BOSTON — The Boston Police Department told Allston-Brighton residents that crime across the neighborhood fell significantly this year at a Tuesday meeting, despite upticks in mental health-related 911 calls and longstanding burglary issues in the area.

The trend is in keeping with that of Boston overall, which has seen decreases in every category of violent crime this year.

The meeting — the first of its kind in Allston-Brighton — was a public version of Compstat, a yearly internal meeting during which department officials compare crime trends and statistics in neighborhoods across the city.

The meeting series is part of an effort by BPD Commissioner Michael A. Cox, who was appointed in 2022 by Boston Mayor Michelle Wu ’07, to boost relations between residents and the police department.

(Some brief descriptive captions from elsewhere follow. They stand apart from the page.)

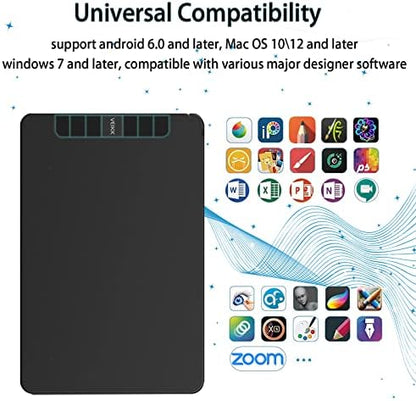 VK640 Update VEIKK Graphic Drawing Tablets Pen Tablet
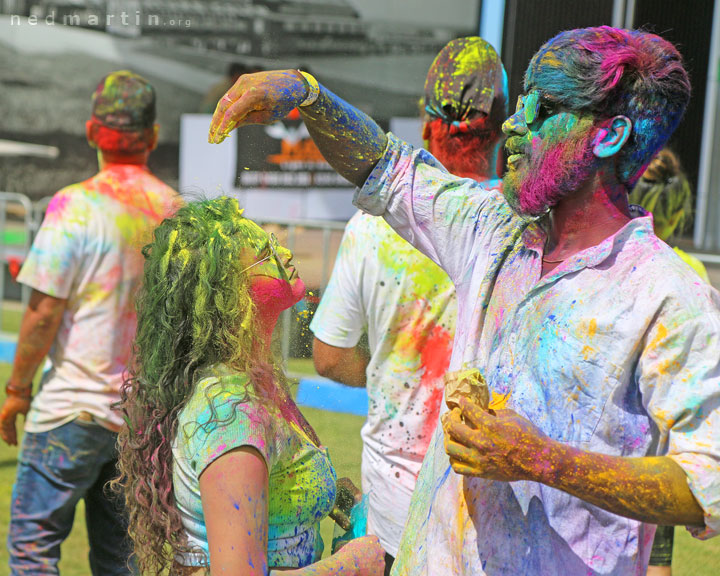 Gold Coast Colour Festival HOLI, Broadwater Parklands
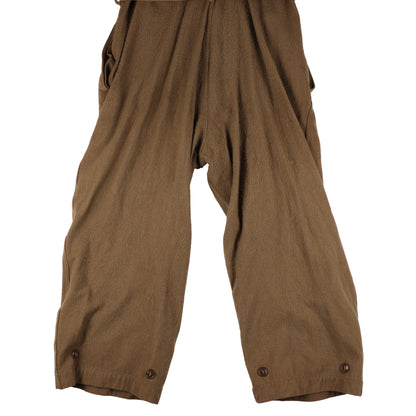 WWII USAAF AN-6550 Summer Flying Suit by Sigmund Eisner Co. (Size Medium 40)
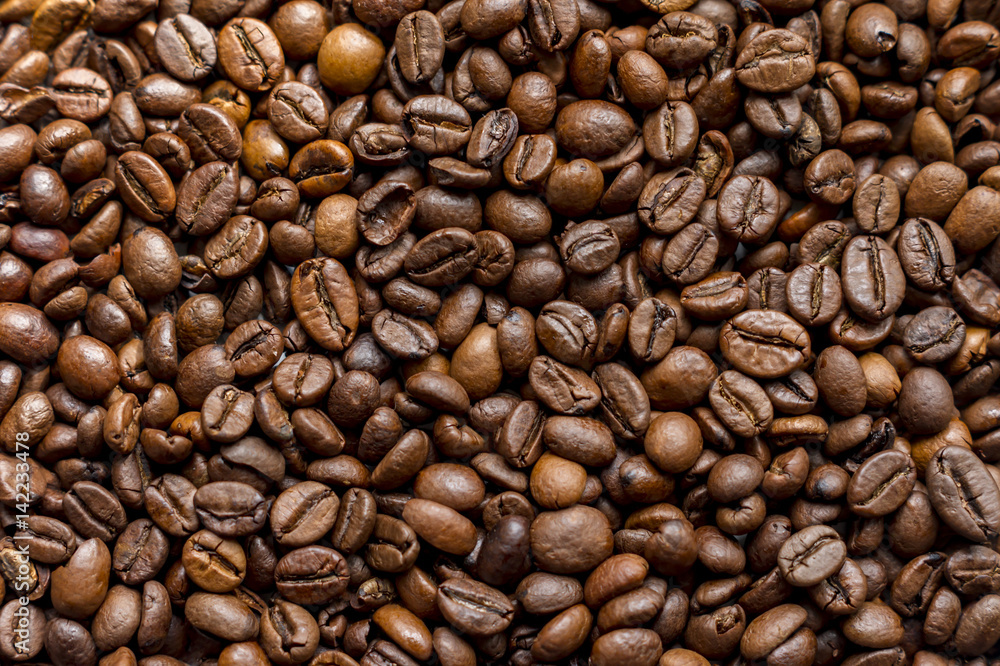 coffee beans beckground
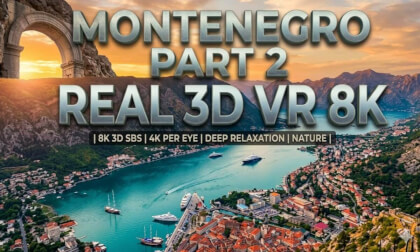 3D Paradise spots of Montenegro Part 2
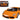 Lamborghini Gallardo LP-560-4 Orange 1/24 Diecast Model Car by Motormax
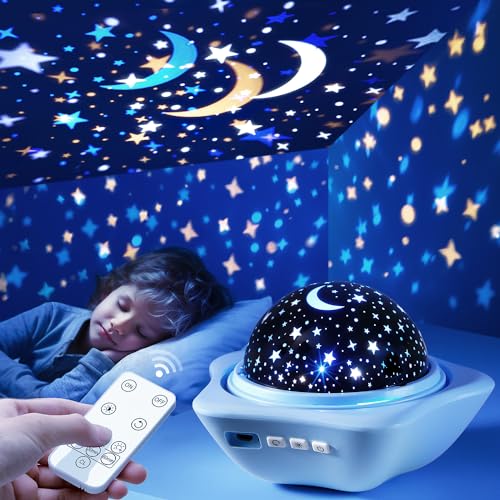 PIKOY 360° Silent Star Projector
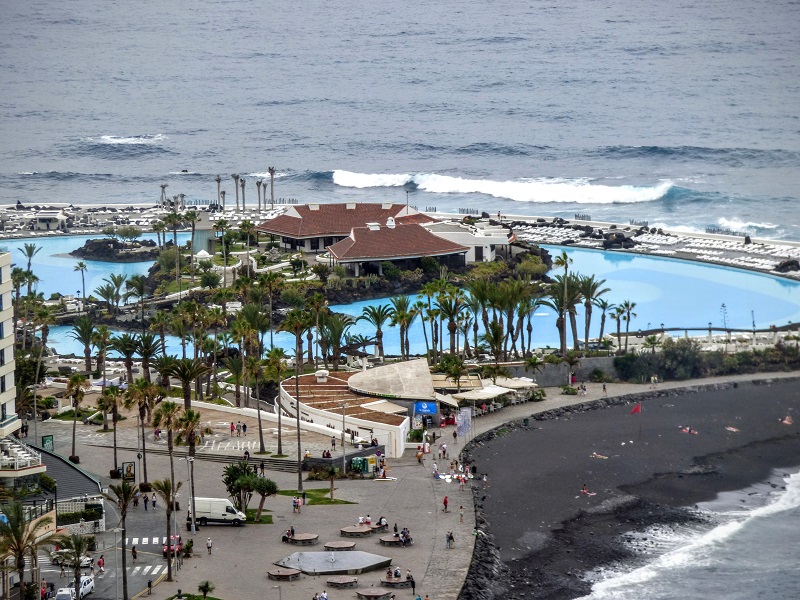 Teneryfa Costa Adeje Z Dzieckiem Puerto De La Cruz Opinie Delfiny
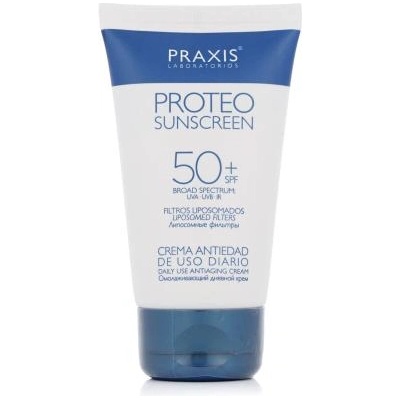 Praxis Laboratorios Proteo Sunscreen SPF50+ слънцезащитен крем за лице 50 ml унисекс
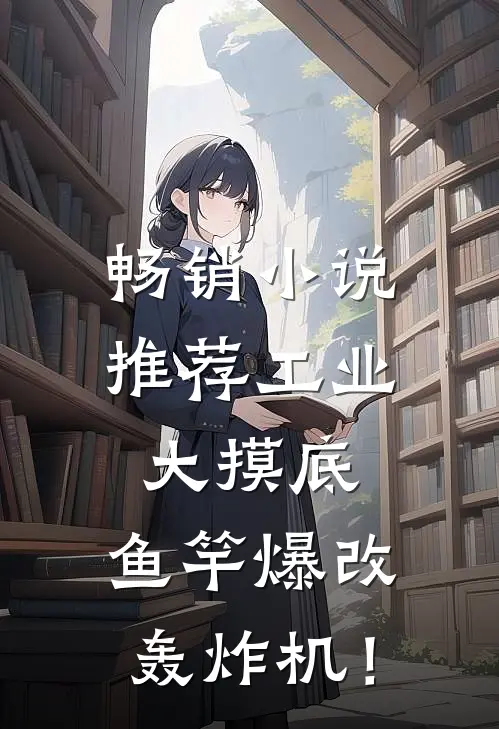 畅销小说推荐工业大摸底，鱼竿爆改轰炸机！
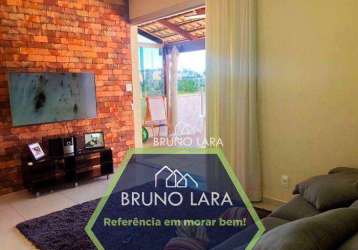 Apartamento de cobertura à venda em igarapé mg, bairro são sebastião.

Cox said in an interview after the meeting that his main goals with the Compstat meeting series, launched a year ago, were to “increase transparency” while getting local feedback at the same time.

“We never spend a lot of time getting input or feedback from the public themselves,” he said.

“Making sure that we all share the same information, making sure that we understand what's going on in our community,” Cox added, “talking to one another about how we can all stay safe — that’s the goal.”

During the meeting, Cox also apologized for failing to appear on behalf of the department at a contentious Boston City Council hearing over funding for the Boston Regional Intelligence Center last fall during a Tuesday meeting with Allston-Brighton residents.

BRIC maintains a controversial gang database and has been accused of relying on racial profiling and violating residents’ civil liberties. The council eventually passed funding for the center over the objection of every councilor of color voting against it.

“Half of my job is trying to demystify what we do and how we do it,” Cox said. “I apologize.”

Within Allston-Brighton, officers identified the greatest concerns as residential burglaries, noise complaints — largely from parties by the area’s large student population — and crashes and traffic violations, described as a “constant battle.”

In questions during the meeting, many of the roughly 50 residents in the audience repeatedly raised concerns about burglary threats. Officers responded by advising residents to take the usual precautions like locking doors and windows, noting most incidents involved unlocked windows and doors or unattended cars.

Lyan Albino, a clinician from the Boston Medical Center who works with police, said in an interview after the meeting that the increased mental health-related calls was largely due to the area’s college student population.

Students were both hit hard by the Covid-19 pandemic as high schoolers and are more comfortable seeking help for mental health concerns, according to Albino.

“It’s not necessarily a negative thing,” she said. “You’re seeing 911 calls for people who want the assistance.”

“They want to get connected to the variety of services that Boston has,” she said.